Non-parametric estimation of probability distributions - Parzen windows

Last week, the problem was to estimate parameters of unknown probability distributions using the maximal likelihood method. We have assumed that the form of the distributions is known in advance (e.g. Gaussian), and we only had to estimate the parameters μ and σ. In many practical scenarios, however, the form of the distributions is unknown. In such cases, non-parametric estimation can be applied. Today, we will estimate the distributions with a method known as Parzen Windows.

(The term 'non-parametric estimation' might be misleading. In fact, the distribution parameters are again estimated by the maximal likelihood method, only the model of the distributions differs, and the maximum of likelihood is found numerically, not analytically)

Problem formulation

As in the last week's labs, the task is to create a Bayesian classifier for two classes of letters. Prior probabilities P(k) and probability distributions p(x|k) are unknown. A training set trn_2000 is provided, which allows you to estimate these unknown distributions. The distributions p(x|k) will be estimated using the Parzen window method. Once the distributions are known, a Bayesian classifier will be constructed and tested on an independent test set.

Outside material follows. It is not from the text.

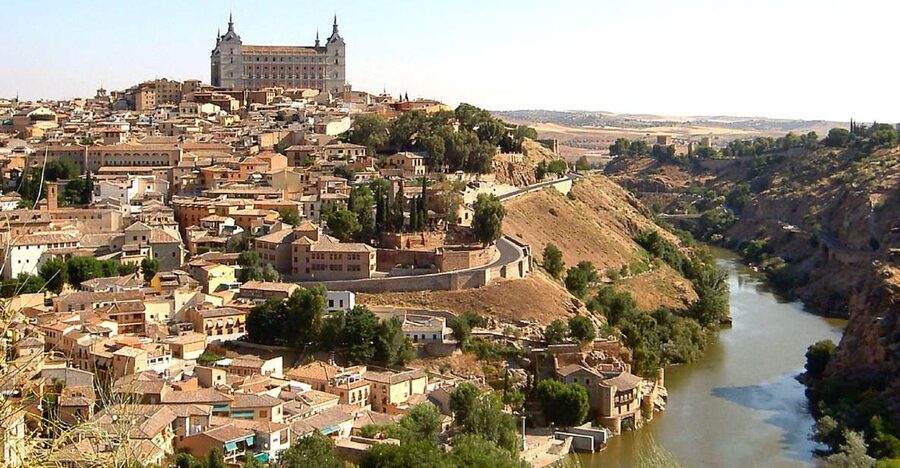 From Madrid: Toledo Full-Day Trip with Optional Cathedral - The bus ride from Madrid to Toledo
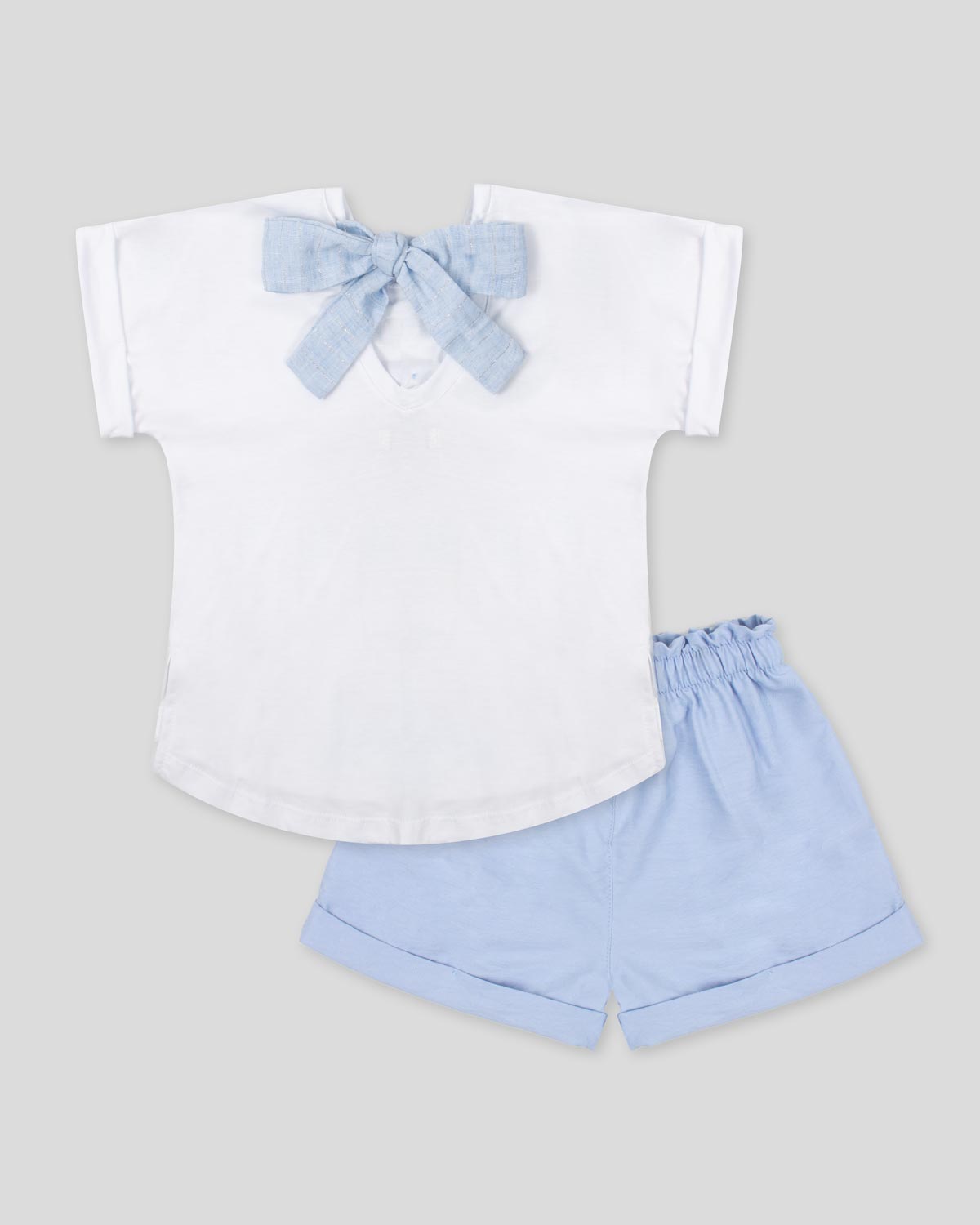 Conjunto blusa blanca con estampado moño  y short azul para niña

The letters will be classified using the following measurement:

x = (sum of pixel intensities in the left half of the image) - (sum of pixel intensities in the right half of the image)

The task

  1. load the data file data_33rpz_cv05.mat into Matlab.

    The data file contains:

   trn_2000

- images of the training set

   tst

- images of the test set

   Alphabet

- the alphabet

  1. For each image from the training set, trn_2000, compute the measurement x. Store the measurements of different classes separately, i.e. make  vectors X1, X2 for the two class problem.
  2. Implement a function, y = my_parzen(x,X,sigma), which, using the method of Parzen windows, computes for a given x an estimation of probability p(x). X is a vector of training measurements for one of the classes. As the kernel function W(x) use normal distribution N(0, σ2).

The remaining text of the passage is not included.